Archive for January 30th, 2008
Filed under: Earnings reports, Forecasts, Products and services, Management, Consumer experience, Competitive strategy, Starbucks (SBUX), Marketing and advertising, McDonald’s (MCD)
It has definitely been a rocky earnings season thus far, and on Monday, fast food giant McDonalds Corp. (NYSE: MCD) will get its turn to impress Wall Street when it reports its fourth quarter numbers. Shares of the company traded up slightly on Friday in anticipation of the upcoming event. Shares finished the day up 0.19% to $54.10.

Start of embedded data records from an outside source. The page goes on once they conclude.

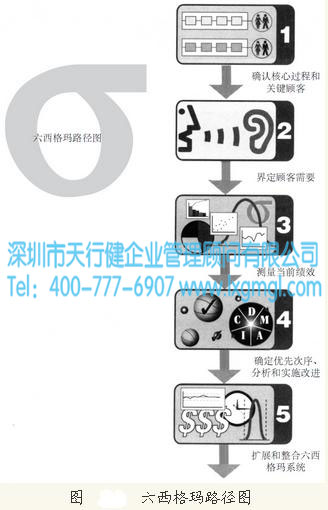 六西格瑪路徑圖 六西格瑪路徑圖的優(yōu)點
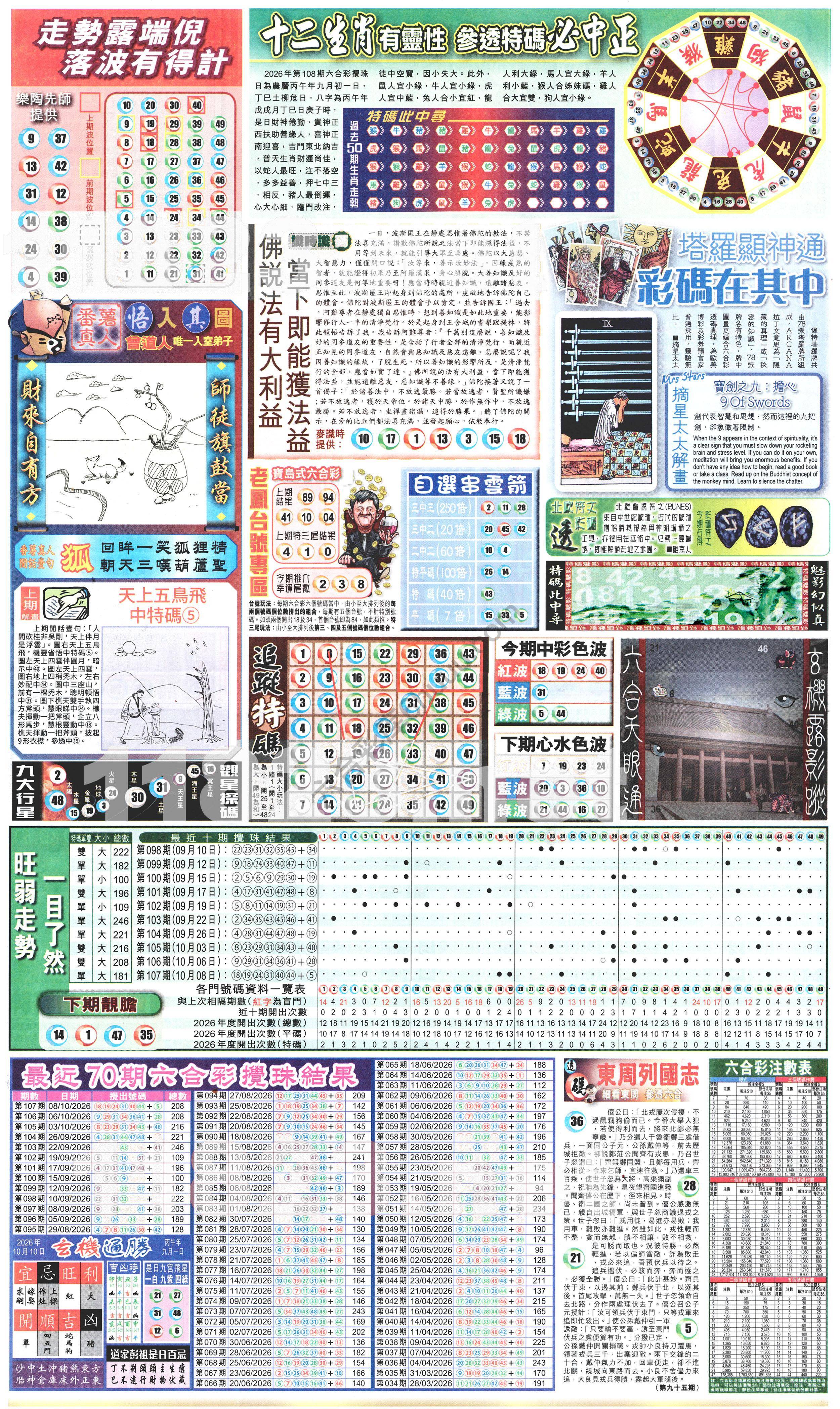 新报六合彩玄机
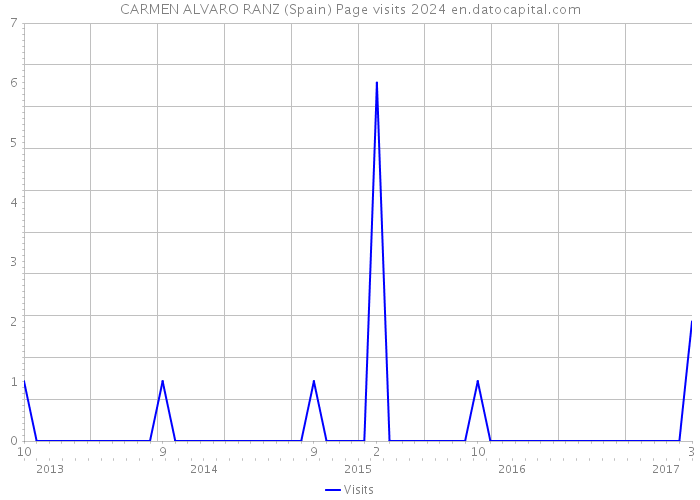 CARMEN ALVARO RANZ (Spain) Page visits 2024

So what exactly are analysts expecting to hear from McDonalds for the quarter? Consensus estimates for the company ’s most recent quarter are running at 71 cents per share. During the fourth quarter of 2006 the company had actual earnings of 61 cents per share, so Wall Street is looking for a slightly higher than 16% jump year over year.
One thing that we have the ability to definitely expect to hear more about during the quarterly conference call will be the company’s plan to start offering mochas, lattes, cappuccinos, and espressos at all of its American locations. This is a strong move by the company to break into the coffee market, but has met some resistance from store owners.
The coffee move was first introduced back in November, and at first, store owners were pretty hesitant, citing the approximate $100,000 cost tag to get stores fitted with all the necessary equipment. As Douglas McIntyre wrote earlier this month, the company thinks that by adding coffee bars and baristas it will eventually be able to add on about $1 billion in annual sales. This is a direct attack on Starbucks (NASDAQ: SBUX) which has been struggling to keep its market share over the past year.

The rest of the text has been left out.